### Task prompt
Starting at the line that contains "فيلا للبيع في" and ending at the final line of the entries below, write out each line exactly as it appears, but omit the pictures.

### Material provided
______________________________

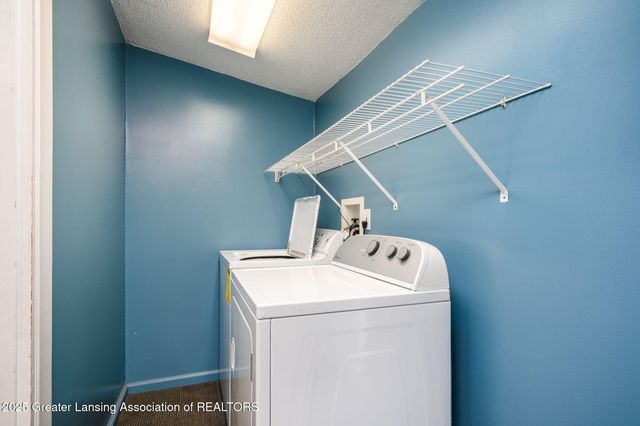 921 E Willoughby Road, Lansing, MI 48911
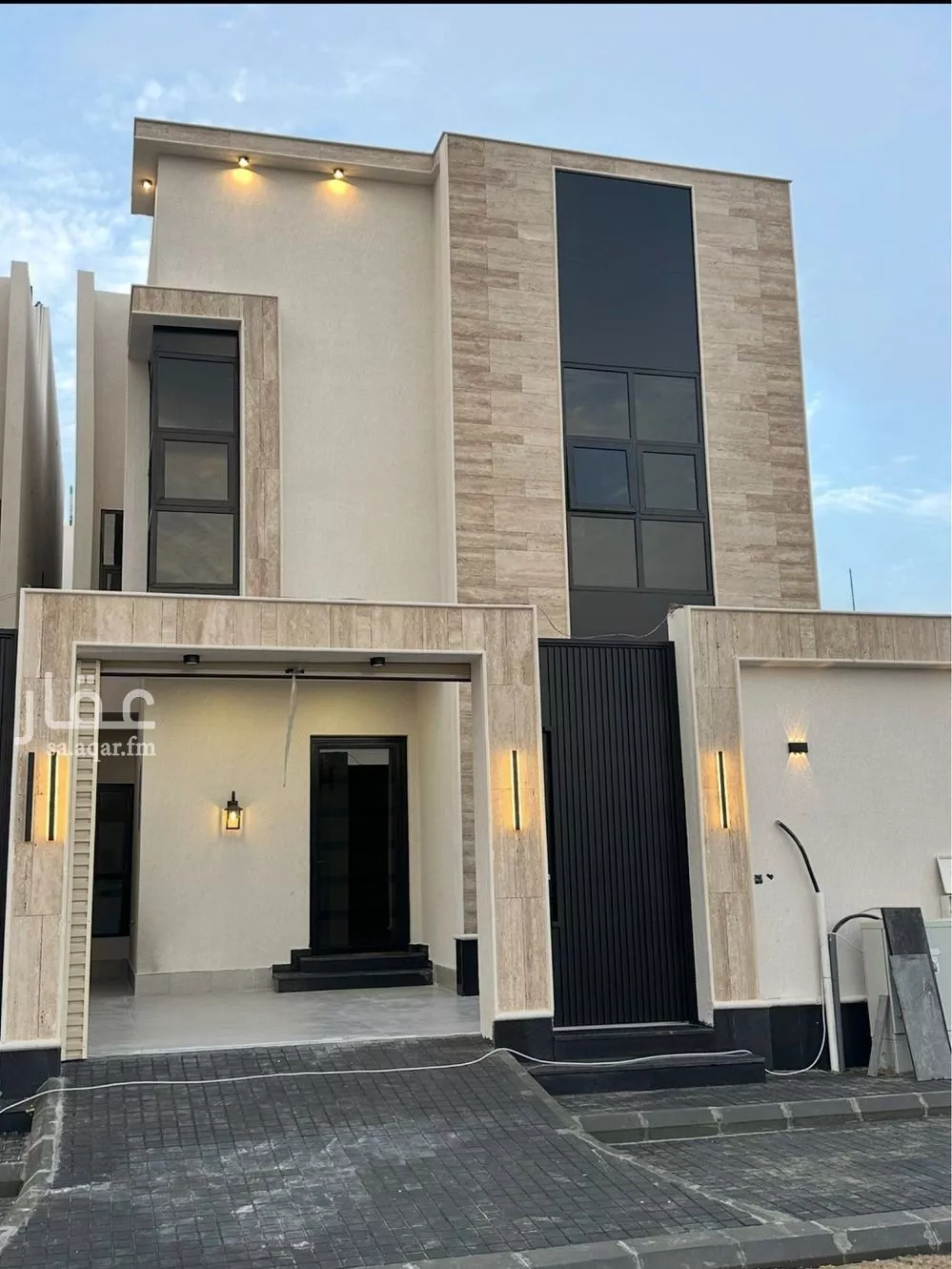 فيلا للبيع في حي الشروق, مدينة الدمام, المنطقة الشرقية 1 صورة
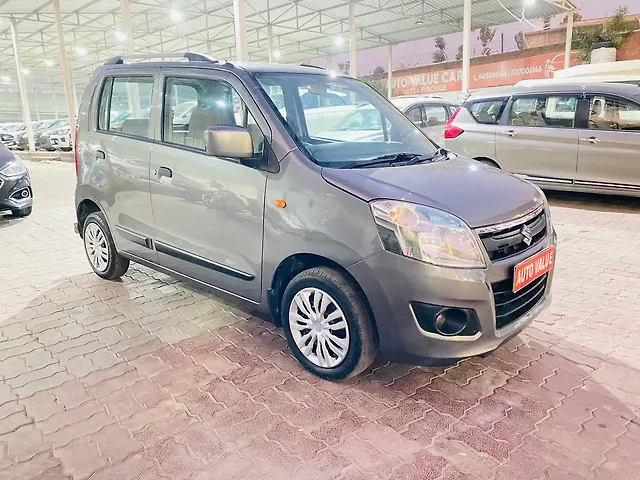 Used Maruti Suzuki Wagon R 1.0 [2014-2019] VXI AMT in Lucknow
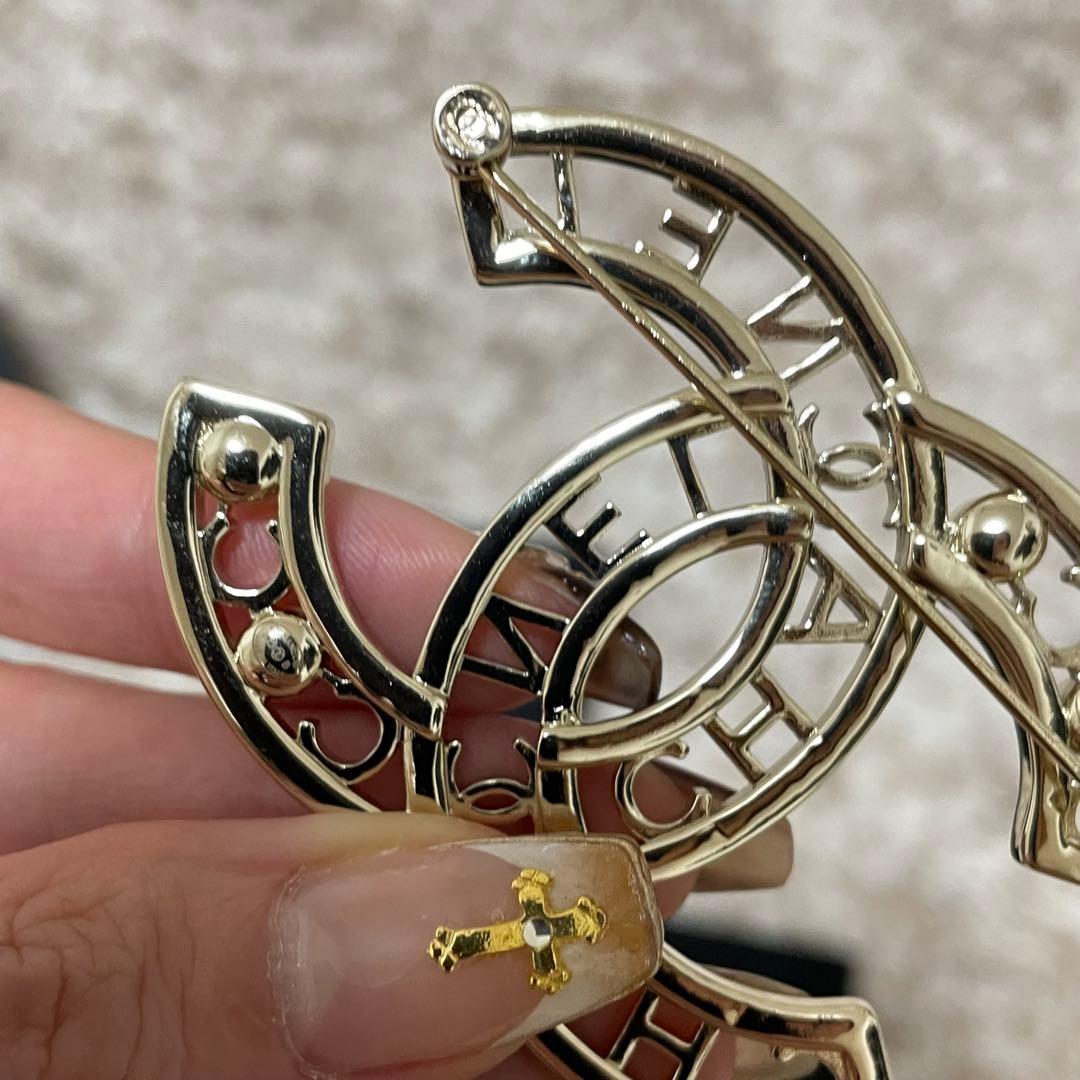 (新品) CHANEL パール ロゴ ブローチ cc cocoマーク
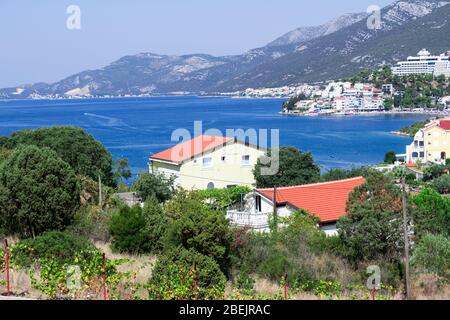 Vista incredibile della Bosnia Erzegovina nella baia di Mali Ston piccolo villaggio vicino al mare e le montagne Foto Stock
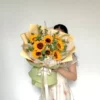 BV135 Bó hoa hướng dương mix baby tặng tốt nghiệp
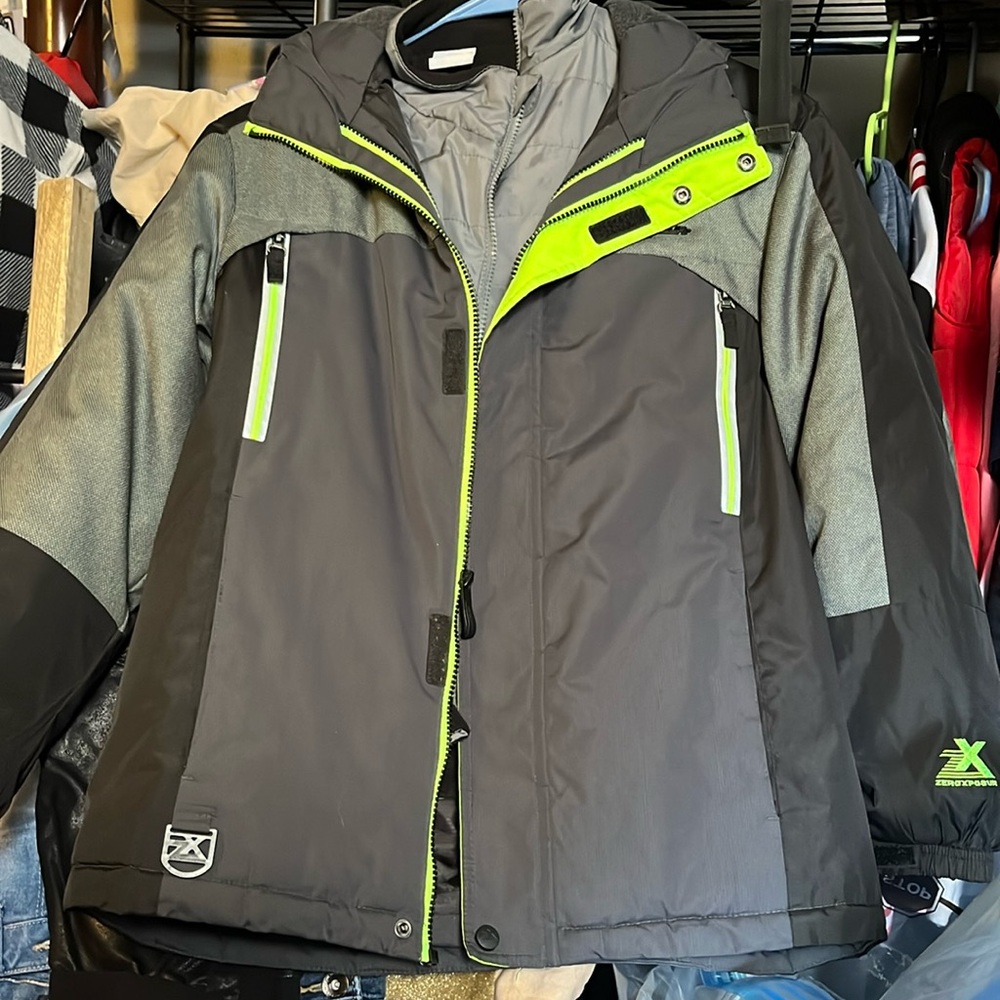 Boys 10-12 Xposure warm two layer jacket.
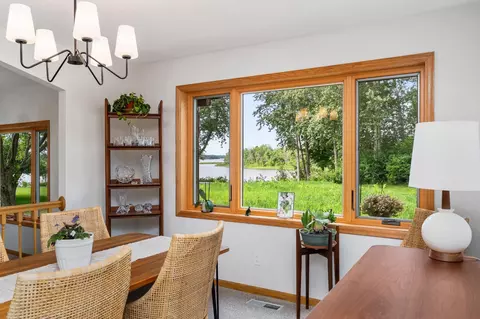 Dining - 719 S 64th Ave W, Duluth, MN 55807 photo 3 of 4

______________________________

### Task response
 فيلا للبيع في حي الشروق, مدينة الدمام, المنطقة الشرقية 1 صورة
 Used Maruti Suzuki Wagon R 1.0 [2014-2019] VXI AMT in Lucknow
 (新品) CHANEL パール ロゴ ブローチ cc cocoマーク
 Vista incredibile della Bosnia Erzegovina nella baia di Mali Ston piccolo villaggio vicino al mare e le montagne Foto Stock
 BV135 Bó hoa hướng dương mix baby tặng tốt nghiệp
 Boys 10-12 Xposure warm two layer jacket.
 Dining - 719 S 64th Ave W, Duluth, MN 55807 photo 3 of 4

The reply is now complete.